Python harness for agentic development of embodied control policies using perception-less motion control, computer vision, and motion generation models.
Project website: ikatsov.github.io/phy-harness
The current development workflow is:
┌──────────────────────────────────────────────────────────────────┐
│ INPUTS │
│ Start with policies/impl/<task>/<task>.yaml (task spec) │
└───────────────────────────────┬──────────────────────────────────┘
▼
┌──────────────────────────────────────────────────────────────────┐
│ DESIGN & IMPLEMENT │
│ Coding model implements/updates policy, analyzers, and tests │
└───────────────────────────────┬──────────────────────────────────┘
▼
┌──────────────────────────────────────────────────────────────────┐
│ SIMULATE │
│ simulate_policy.py generates artifacts/<task>/ with: │
│ - augmented rollout video (overlays) │
│ - joints.csv │
│ - VLM transcript JSON (if enabled) │
│ - custom analyzer outputs │
└───────────────────────────────┬──────────────────────────────────┘
▼
┌──────────────────────────────────────────────────────────────────┐
│ CODING FEEDBACK LOOP │
│ Coding model analyzes simulation outputs (video frames, logs, │
│ transcripts, analyzer results), adds focused analyzers/tests, │
│ and loops back to DESIGN & IMPLEMENT. │
└──────────────────────────────────────────────────────────────────┘
python3 -m venv .venv
source .venv/bin/activate
pip install -e ".[dev]"For rollout validation with Gemini / VLM analyzers (and .env loading):
pip install -e ".[vlm]"
cp .env.example .env # set GEMINI_API_KEY; do not commit .envMuJoCo uses an OpenGL backend for offscreen RGB (mujoco.Renderer). On a normal desktop, the default platform GL is fine. In headless CI, use UR5GripperEnv(enable_rgb=False) or configure OSMesa/EGL per the MuJoCo rendering docs. Run full RGB rollouts (simulate_policy.py) in a terminal where rendering already works.

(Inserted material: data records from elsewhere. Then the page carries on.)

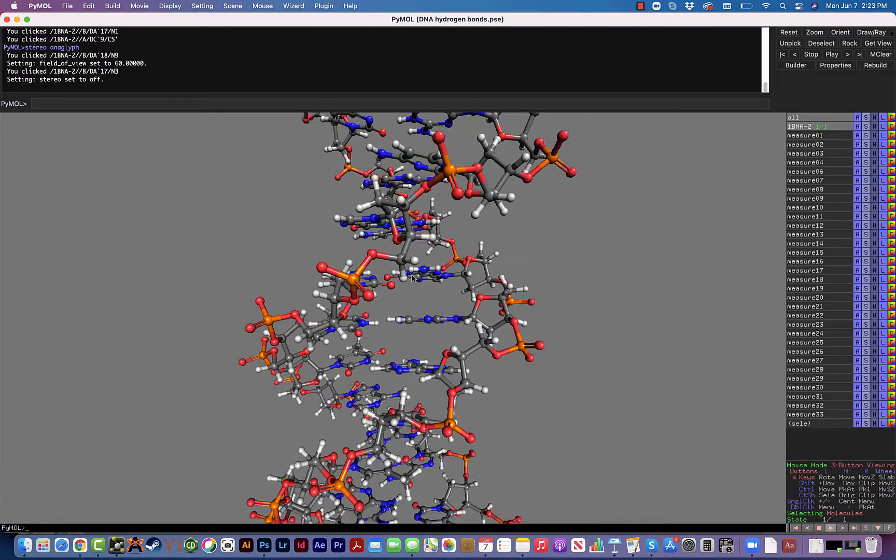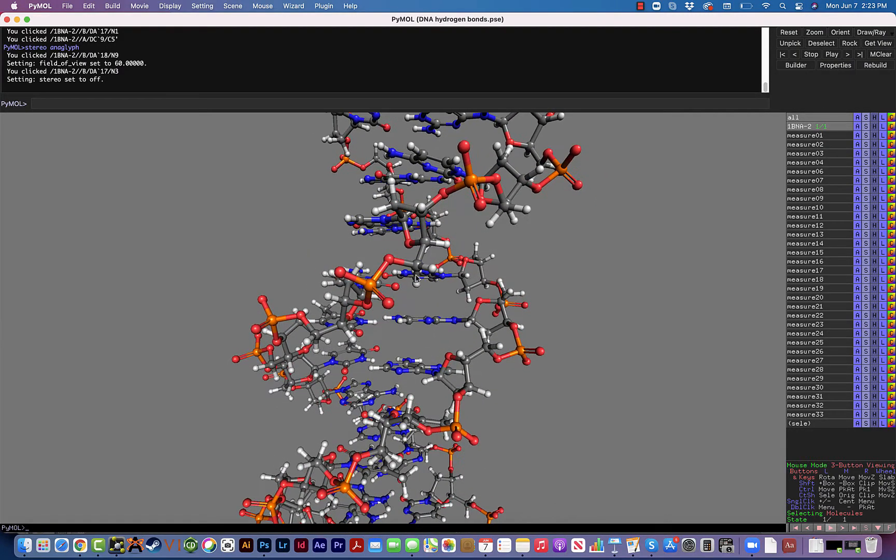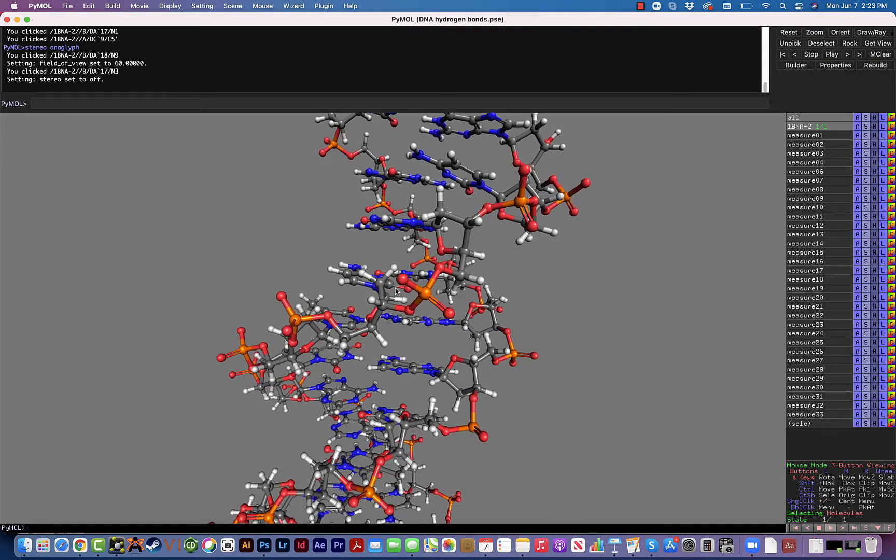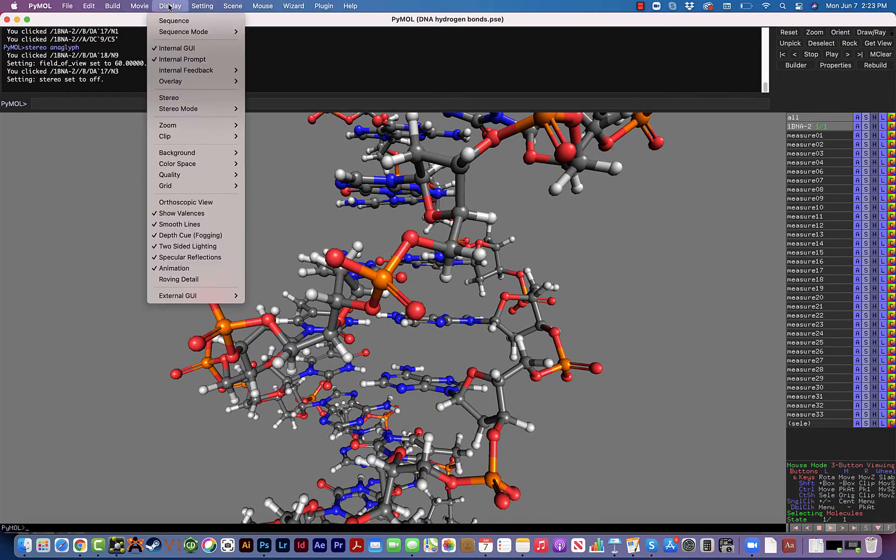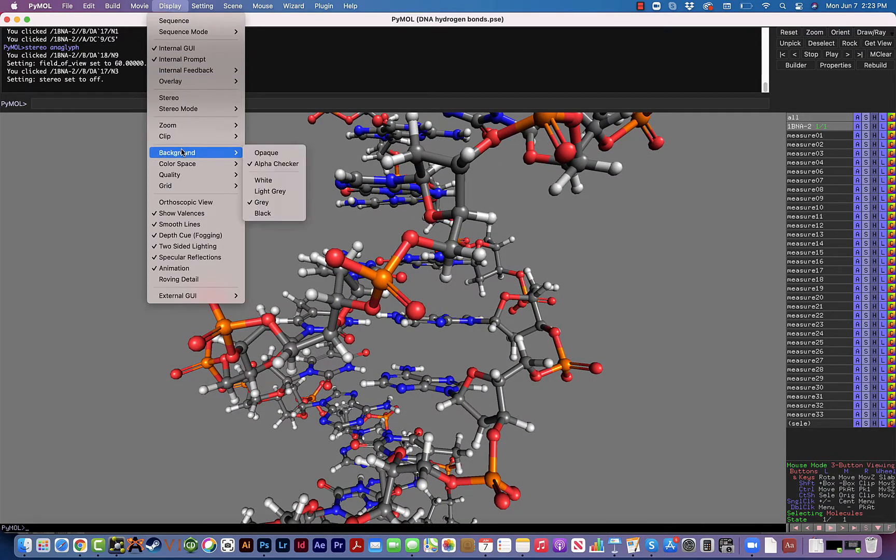The one other thing that you might have noticed is I'm using a gray background. I noticed that changing the background from black to gray is a little bit nicer.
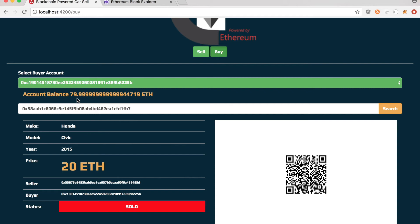So you can see as soon as the purchase is complete, the balance of the user went down 20 Ether. And you'll be wondering like why it's 79.99. It should have been 80 because 100 minus 20 is 80.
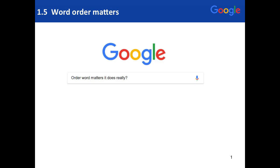This is lesson 1.5 about word order. The big thing to know is word order actually matters. When you're creating a query, you want to think about what is the most natural order of your query terms.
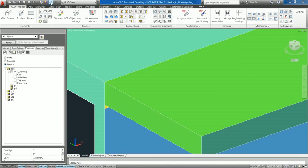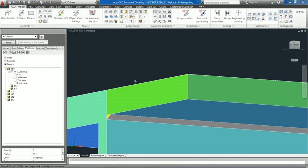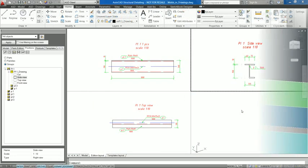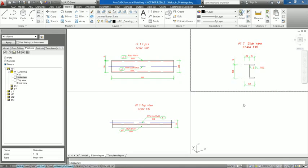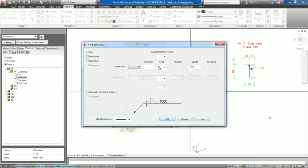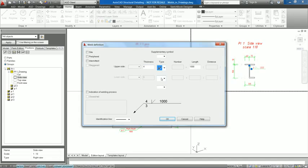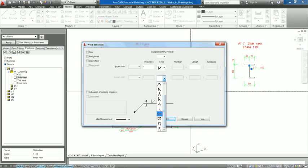AutoCAD Structural Detailing offers enhancements to inserting weld symbols in drawings, such as adding new weld types, weld parameters, and independent parameterization of both sides of a weld, as well as an option of breaking the weld leader.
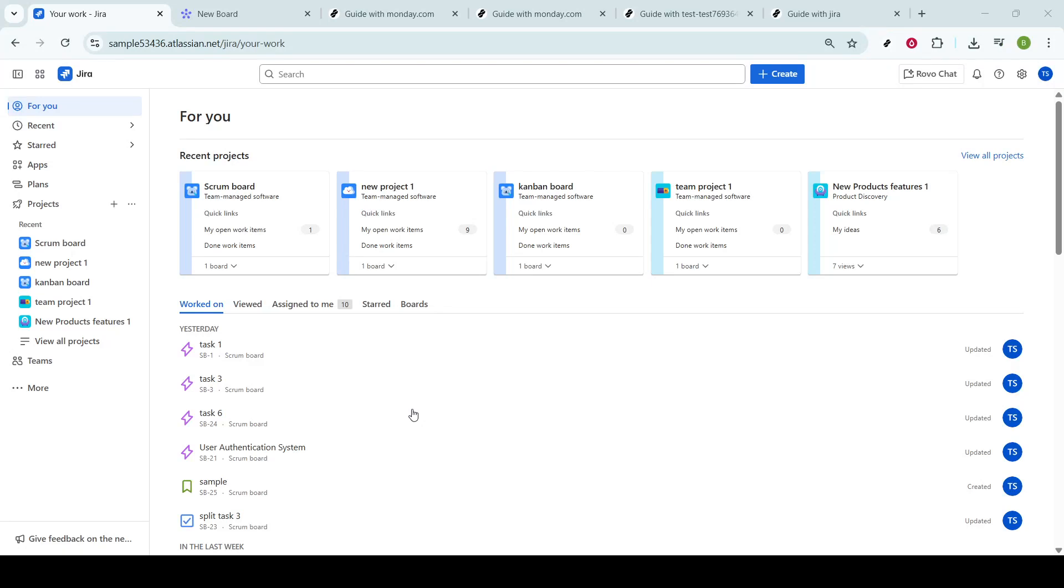In today's video, I'm going to teach you how to report a bug in JIRA. Let's dive right into the process of reporting a bug in JIRA, which is an essential skill for anyone involved in software development or project management.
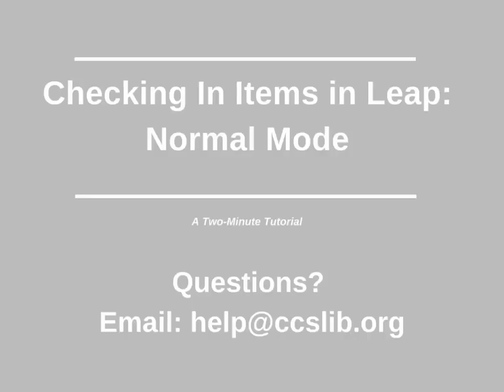This has been a two-minute tutorial on checking in items with the normal mode. If you have any questions, please email help@ccslib.org.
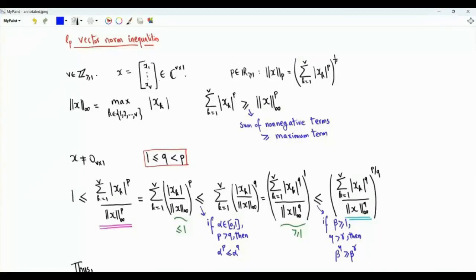Bismillah ar-Rahman ar-Rahim. We have vector x in the v-dimensional complex space. x has v components where v is a positive integer. Each component is a complex number.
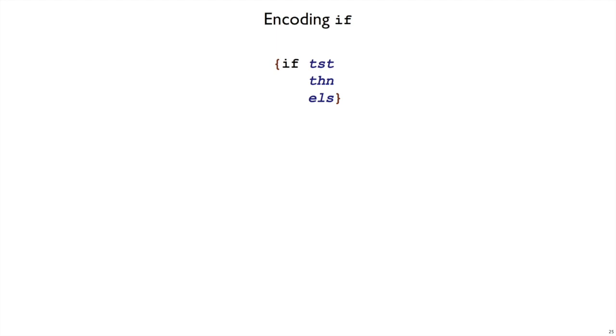Another thing missing from most of our variants of curly is a conditional form, like if. Is that something we can encode, or does it have to be built in? Let's take a look.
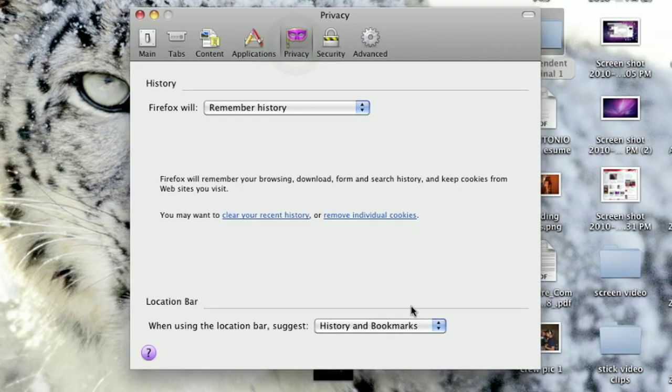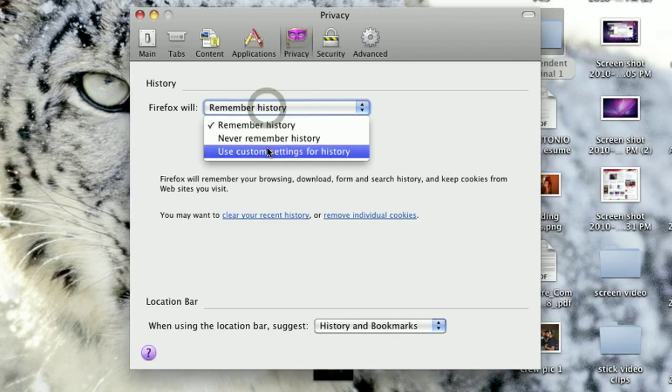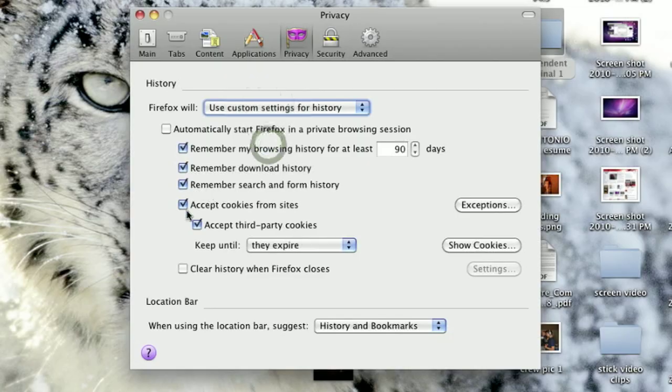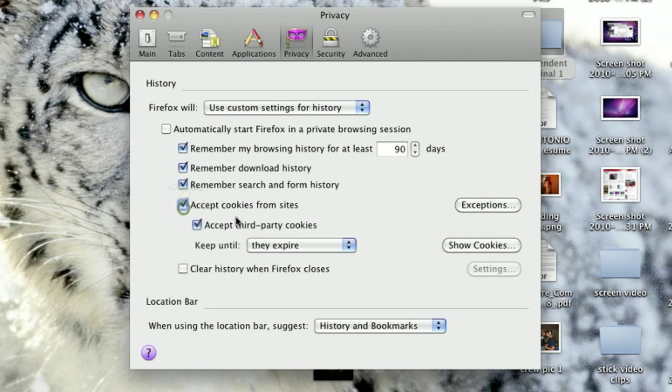To re-enable cookies in Firefox, just click on the preferences section of Firefox, which is File > Preferences. Under preferences, you'll need to go to the Privacy setting, and then under Privacy, use custom settings. Under those custom settings, you'll see the ability to turn on or turn off cookies.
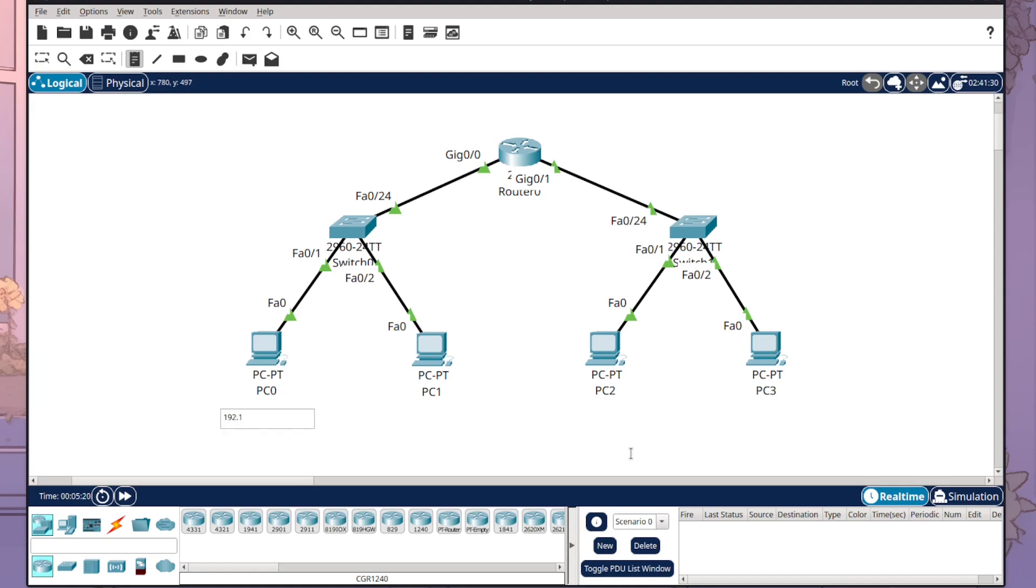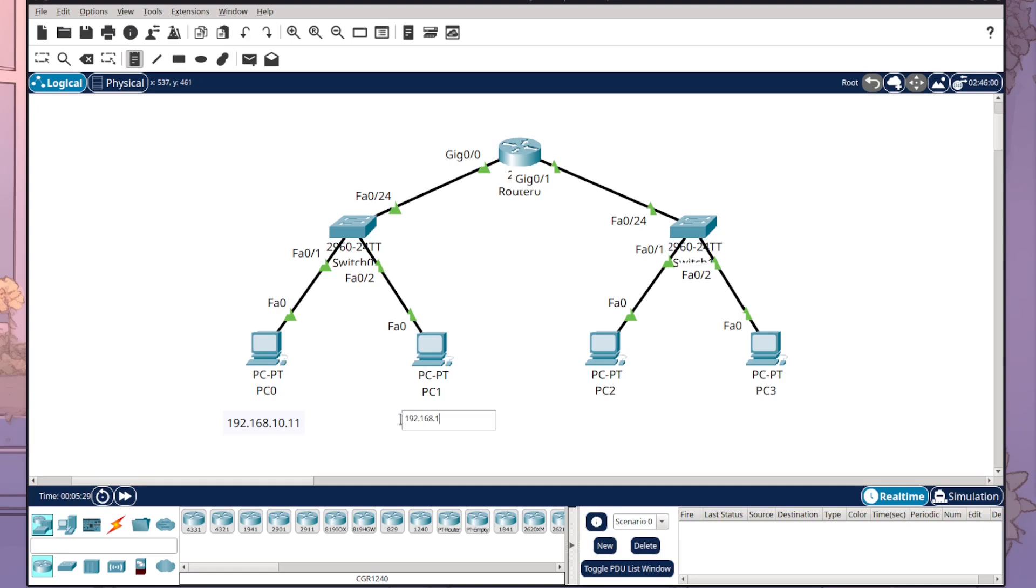So for example, I want to label this device to be PC0 with its actual IP address sitting there. I can do the same for the next one and so on. I can also come up here and I can label this Dept A because that is my Department A, or I could do VLAN 10 and so on.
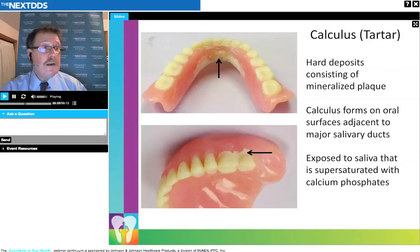Calculus occurs when there is thick plaque where the plaque organisms essentially die and more or less fossilize because of calcium from the saliva. Here is a patient with old dentures showing calculus on the lower lingual surface near the ducts of the submandibular, sublingual, and parotid — Stenson's — glands. Basically, where there is a salivary duct and plaque accumulation, that plaque will be subjected to high calcium concentrations and will eventually mineralize, forming calculus or tartar.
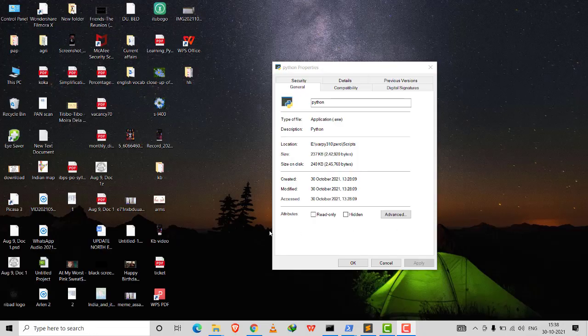I just installed a Python virtual environment and was running Python programs in Sublime Text within that virtual environment. I know I'll forget how I did this, so here is the overview.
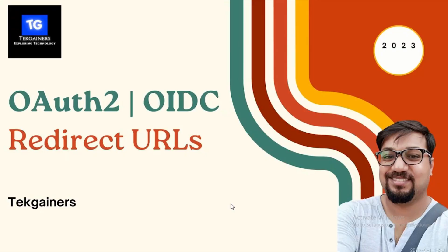Hello and welcome to Tech Gainers. My name is Chandra and I'm a Technology Explorer. Today's topic is OAuth2 and OIDC redirect URLs or redirect URIs.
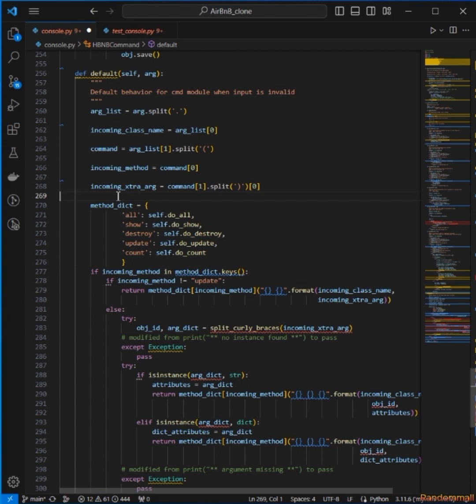An individual contacted me and told me to please clean up the code and then try and test for the update method where arguments are missing — there's something wrong somewhere. I should print out the appropriate messages for when ID is missing or other fields are missing. That's the reason I'm making this video.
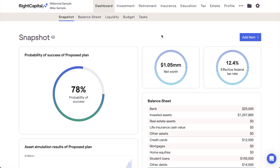In this video, we'll review the different ways to model a refinance in RightCapital. There are two different ways to model a refinance, the first of which is by adding a new loan income card.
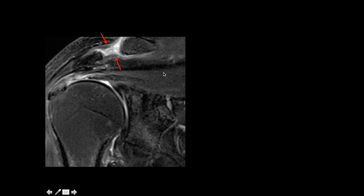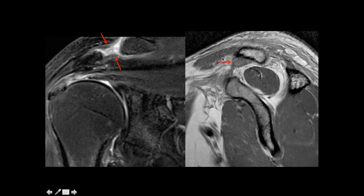In the second case, the AC ligaments are injured, but the CC ligament is intact — though you cannot identify the internal fiber architecture, indicating it is sprained. Since the CC ligament is not torn, this is Type 2 injury.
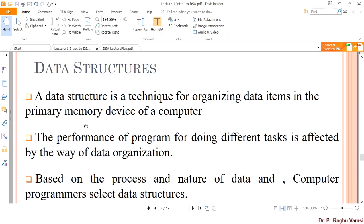The performance of a program for doing different tasks is affected by the way data is organized. For example, if you have a rack of books not properly arranged — just thrown in randomly — and you are asked to find a specific book, it is a very difficult process. But if books are arranged in alphabetical order, like in a library, it is very easy to pick up the book. So the performance of a program is affected by how the data is organized — if data is perfectly organized, your algorithm will not take much time in fetching and utilizing data.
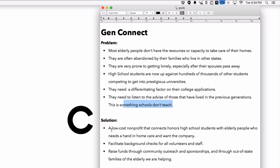So the solution for all these problems is to create a low-cost nonprofit that connects honors high school students with elderly people who need a hand taking care of their home and just want the company — someone to talk to. We also do this by facilitating background checks for all the volunteers and staff. The nonprofit is going to be funded through community outreach, sponsorships, and reaching out to the families of the elderly we're helping for donations, since most of the time they should be willing to help because their parents or grandparents are being taken care of.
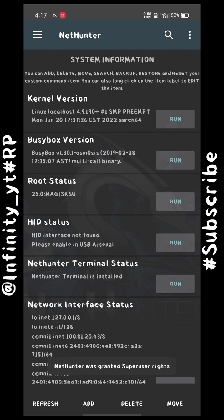Here you can see the status shows root access — my device is currently rooted. You can also see that BusyBox is installed. The second requirement is you will need a Wi-Fi adapter, and this is very compulsory if you really want to hack a Wi-Fi.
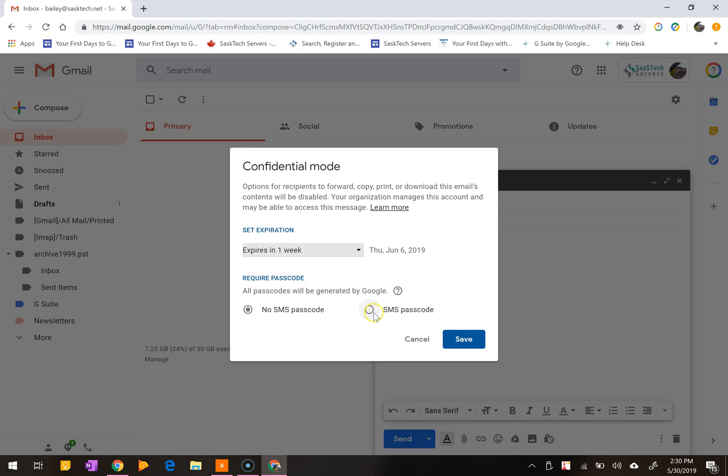If you choose no SMS passcode, recipients using the Gmail app will be able to open it directly. Recipients who don't use Gmail will get emailed a passcode. If you choose SMS passcode, recipients will get a passcode via text message. Make sure you enter the recipient's phone number and not your own. Then click save.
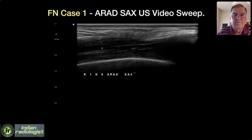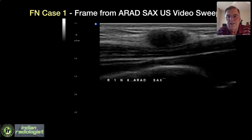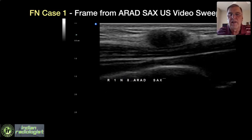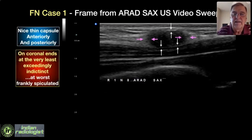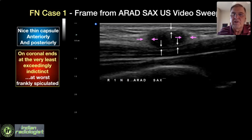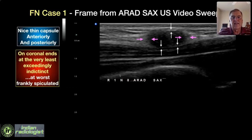Here is a still image from the short axis video sweep (SAX) — scanning across the lesion in the short axis of the transducer, starting outside in the surrounding tissues on one side and going all the way through to the outside tissues on the other side. Notice that it has a thin capsule on the front and back, but it does not have a thin capsule on the ends. If you're going to call something a thin capsule, it should be completely surrounded. The path of low resistance for invasion is between the tissue planes — in the coronal plane — on the sides of the lesion. Many of these false negatives were quite scary looking on the sides, but falsely reassuring on the front and back.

Differential IK on the same simulator MJCF uses mink (MuJoCo-based) plus a QP backend:
pip install -e ".[ik]"Create a task bundle at policies/impl/<task>/:
| File | Purpose |
|---|---|
<task>.yaml |
task_spec.inline (intent), optional policy_module |
<task>.py |
policy(obs, step, env) -> ctrl (and optional reset) |
<analyzer_type>.py |
Optional policy-specific analyzer (build(params) -> analyzer) |
tests/test_<task>.py |
Headless unit tests (paired with the task) |
From the repo root with the venv active:
# 1 — Headless unit tests
pytest -q tests/test_<task>.py
# 2 — Simulation rollout (writes artifacts/<task>/)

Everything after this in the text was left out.